Infarto miocardico e staminali (Pic by Caruba)

Ogni anno, soltanto in Italia, circa 150.0000 persone sono colpite da infarto miocardico acuto (IMA), un episodio irreversibile che causa la perdita di tessuto cardiaco, riducendo la funzionalità del cuore e la qualità di vita dei soggetti coinvolti.
E’ notevole lo sforzo che da anni la comunità scientifica mostra nel tentativo di rigenerare i tessuti lesionati, evitando che questa condizione possa aggravarsi e portare all’insorgenza di episodi cronici.
Recentemente un gruppo di ricerca del King’s College di Londra, coordinato dalla Dott.ssa Georgina Ellison, ha pubblicato sulla rivista scientifica Stem Cells Transplantation Medicine i risultati di uno studio che evidenza la straordinaria capacità rigenerativa di una popolazione di cellule staminali localizzate a livello cardiaco.
E’ stato osservato che queste cellule sono in grado di rigenerare i tessuti infartuati dando origine a cardiomiociti, cellule muscolari lisce e cellule endoteliali; questa caratteristica è conservata anche nell’individuo adulto e può pertanto essere sfruttata all’interno di programmi di medicina rigenerativa.
Il gruppo di ricerca inglese, che ha condotto esperimenti su topolini infartuati, ha dimostrato che la rimozione delle cellule staminali cardiache dalla loro sede impedisce al cuore di rigenerare le regioni compromesse da un precedente infarto; al contrario, quando le cellule staminali vengono reintrodotte, si osserva il pieno recupero anatomico e funzionale del muscolo cardiaco.

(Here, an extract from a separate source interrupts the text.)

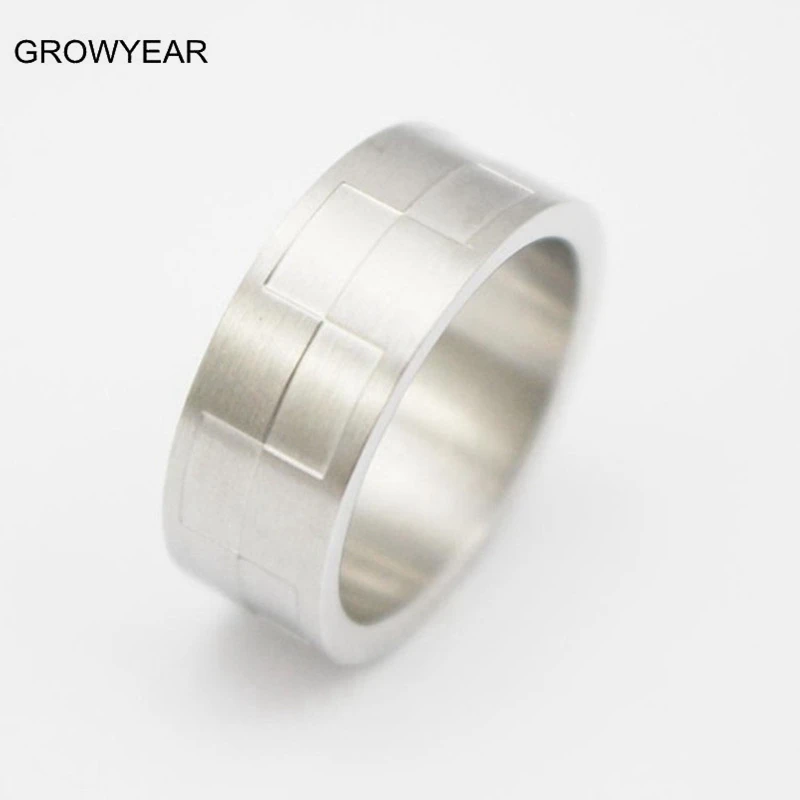 Мужское кольцо в клетку серебристого цвета размер 8 5 9 10 11 12|ring size|ring bandjewelry rings |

Le cellule staminali cardiache, somministrate attraverso una semplice iniezione, sono in grado di migrare nelle regioni infartuate con un meccanismo noto come homing, in risposta a stimoli specifici.
Una volta inoculate, le cellule staminali cardiache si dirigono spontaneamente verso il cuore, dove si differenziano in cellule adulte provvedendo alla riparazione dei tessuti lesionati.
Queste peculiarità offrono notevoli vantaggi nella pratica clinica, perché consentono di superare l’invasività dei trattamenti fino ad ora utilizzati, basati su procedure di tipo chirurgico.
I risultati ottenuti, per quanto preliminari, sono molto promettenti, e aprono la strada a studi successivi finalizzati a valutare sull’uomo l’efficacia delle cellule staminali cardiache sia nell’ambito di programmi di prevenzione che di cura delle patologie cardiache.